Идет с нами мужчина и говорит, что если мы сейчас не освободимся, то там пропали. Мы идем, волнуемся. Дочка падает, мертвецом стала совершенно. Наконец, этот кавказец согласен нас выпустить, а мужчина убегает. Они начинают стрелять в него. Это было как раз напротив немецкого общежития. Оцепляют этот дом кругом. Обращаются к нам – это сообщники, всех расстрелять. У дочки хватило мужества подойти к тому, кто говорил «всех расстрелять» и сказать ему:
– Мы тут ни причем, это же мужчина был. – Показывает свои документы.
Он говорит, что сейчас никакие документы не признаются:
– Идите, – говорит, – на пункт.
Этот кавказец остается там, чтобы поймать мужчину, а другой кавказец ведет нас на пункт на улицу Дзержинского. Приводят туда. Меня не пускают за проволоку, но я все-таки иду с ней. Вдруг, отделяется командир, кавказец. Она обращается к нему по-немецки. Он говорит:
– Говорите со мной на моем родном языке.
– Как? – спрашивает она.
– Ну, на русском же.
Она начинает рассказывать. Он слушает, большие черные глаза, слезы кап-кап. Я никогда не забуду этой картины. Он хлопает меня по плечу, говорит:
– Это очень нехорошо.
Я спрашиваю:
– Это эвакуация?
– Нет, это очень нехорошо.
– Что же делать?
– Я бы вам помог, но вчера я принужден был сам расстрелять своего брата. Я, – говорит, – ребят своих сдерживаю. Если бы я их не сдерживал, половина Харькова разбежалась бы. Я партиец с 1925 года, обманут…
Его брат чуть не убил коменданта, и когда его вели расстреливать, чтобы заслужить доверие, он сам застрелил брата. Тот проходил мимо него, говорит: «Стреляй!»…
Я хожу вокруг этой проволоки, вижу дочь, кричу:
– Оля!
Вдруг меня останавливает патруль:
– Это кто?
– Моя дочь, – говорю.
– Эта, в голубом платьице? Так мы сейчас, не волнуйтесь же…
Хожу. Вдруг через час у меня какая-то сердечная тревога. Я бегу и кричу:
– Оля!
Она в это время идет с каким-то патрулем. Она потом рассказывала:
– Патруль обращается, говорит, мамаша все дело испортила.
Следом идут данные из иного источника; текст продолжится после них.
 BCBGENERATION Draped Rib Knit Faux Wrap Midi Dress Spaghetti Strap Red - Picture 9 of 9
Но только он сказал: «мамаша все дело испортила», рядом появляется немецкий офицер, который должен был прийти через полчаса. Тогда он шепчет: «Мамаша спасла!». Она мне кричит:
– Мама, иди домой, я одна тут останусь.
Говорят, предчувствия нет. Очевидно, тревога была какая-то у меня. Я думаю: что же дальше делать? Еще сама не знаю, что я наделала. Хожу и думаю: вот сейчас с ума сойду, кругом хожу. Через полтора часа, – Оля потом рассказывает, – подходит к ней командир кавказский, треплет ее по плечу, слезы у него на глазах, говорит:
– Не волнуйся, спасем тебя.
Она успокоилась. Еще проходит полтора часа. Она видит, что он идет с командиром и с ним разговаривает, показывает на Олю пальцем и говорит:
– Но ей же 16 лет нет.
Тогда этот говорит ей:
– Это мамаша, что в институте работает, так она же малыш. – Говорит патрулю:
– Скажите в голубом платье, чтобы она уходила.
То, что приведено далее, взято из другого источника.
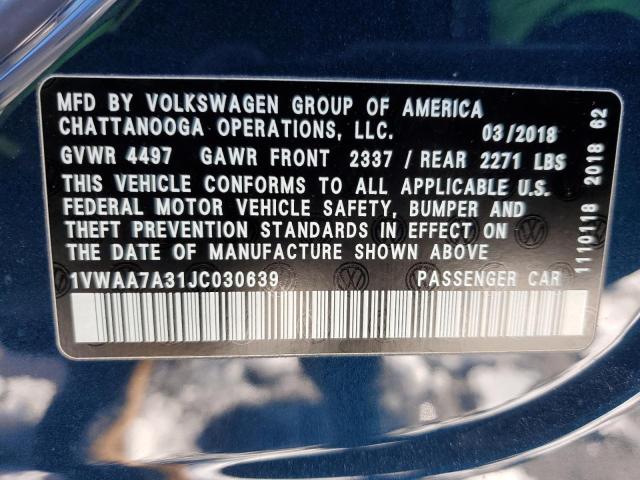 1VWAA7A31JC030639 - 2018 VOLKSWAGEN PASSAT S BLUE photo 12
Оля проходит мимо него. Он улыбается ей, но отвернулся от немца. Патруль около меня говорит:
– Ваша дочка пошла, идите скорей.
У меня ноги подкосились. Там была масса женщин с детьми. Почему их забрали, не знаю. Кто-то мне недавно сказал, что будто бы найдена большая могила за Холодной горой и там было много женщин с детьми. Наши пришли 23 августа, а это случилось 14-го. Кавказцы, они же и власовцы, мне кажется, чувствуют себя обманутыми. Этот командир говорил, что попал в плен с большим своим отрядом и очень обманут.
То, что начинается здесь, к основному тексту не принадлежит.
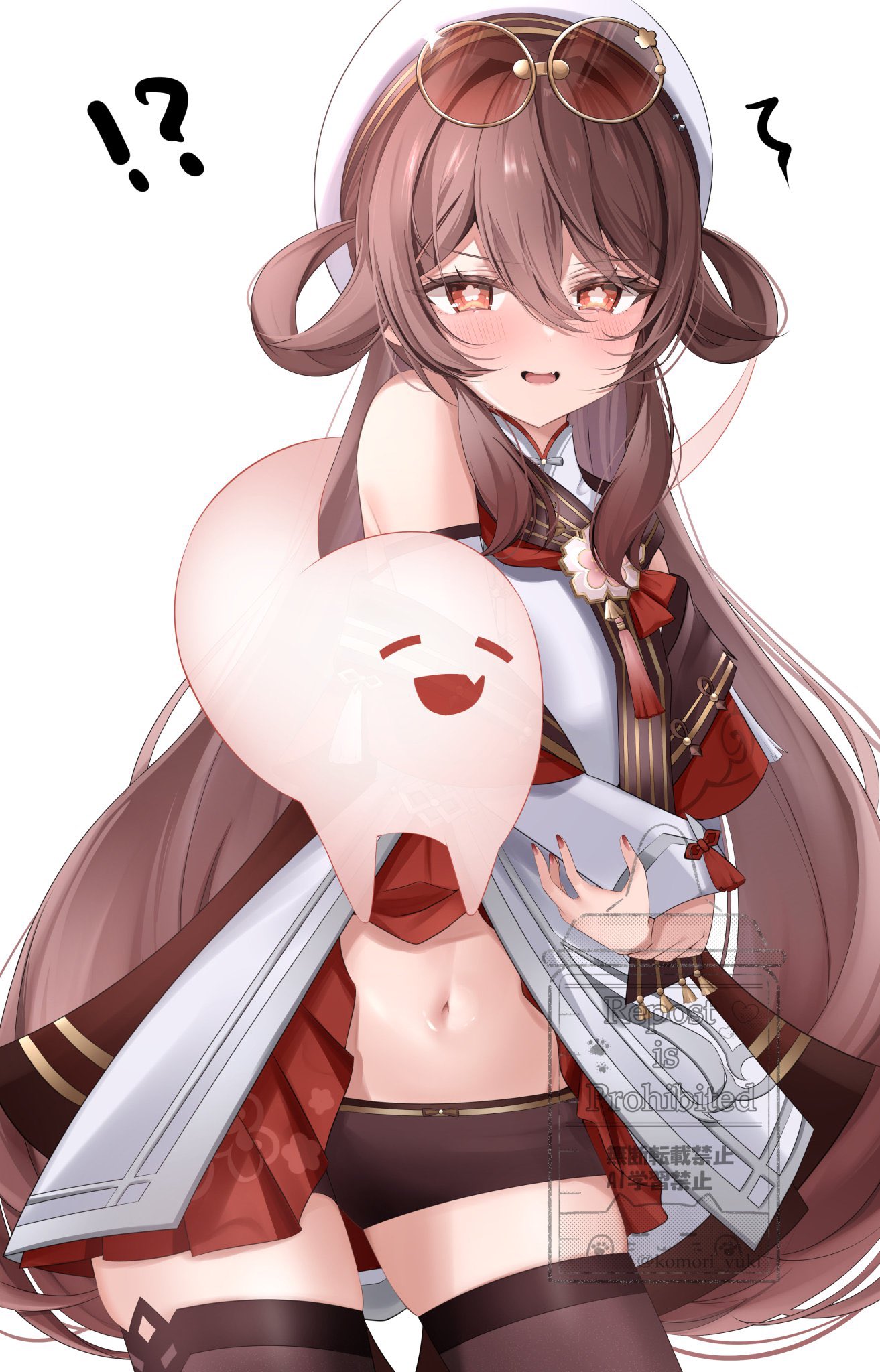 komor yuki, boo tao (genshin impact), hu tao (cherries snow-laden) (genshin impact), hu tao (genshin impact), genshin impact, commentary request, highres, revision, !?, 1girl, blush, breasts, brown hair, brown shorts, brown thighhighs, chinese clothes, eyewear on head, flower-shaped pupils, hair between eyes, hat, long hair, long sleeves, looking at viewer, medium breasts, midriff, navel, official alternate costume, open mouth, red-tinted eyewear, red eyes, round eyewear, shorts, smile, solo, stomach, symbol-shaped pupils, thighhighs, tinted eyewear, white background, white hat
– Конечно, – говорит, – вы думаете, что я долго буду жить, но я умру иначе. Я должен сделать так же, как мой брат.
Я говорю:
– Дайте, я запишу вашу фамилию.
– Не надо. Если я буду в Харькове когда-нибудь, я вас найду в Технологическом институте.
Я хотела заплатить, но он не взял.
И так жили все время под Дамокловым мечом. Последнее время мои двое детей никуда не ходили. Сыну 15 лет, но он довольно рослый. С моим сынишкой надоели мне. Учиться негде. Идти воду таскать немцам? Борис говорит:
– Мама, если ты меня любишь, ты этого не сделаешь, я не дойду до них.
У Бориса товарищ – Деркач. У него отец в Красной армии. Он сам по натуре боец, пытался несколько раз к красным переходить. Правда, он немного хулиганистый парень. Мне любили замечания делать, что мой сын дружит с ним. Я наблюдала за ними. Однажды они сидели под трубой и тихо беседовали. Мальчишка этот заявляет:
– Если фронт близко, я уйду.
Борис говорит:
– Если бы был жив мой папа, я бы тоже пошел, но так как у меня осталась одна мама, то я боюсь, что она с горя умрет, и тогда что же мы будем делать? Мама говорит: спрашивают, почему я с тобой дружу.
Тот говорит:
– Я знаю, что твою маму вызывали несколько раз и спрашивали, почему мы дружим, но, надеюсь, твоя мама не сказала?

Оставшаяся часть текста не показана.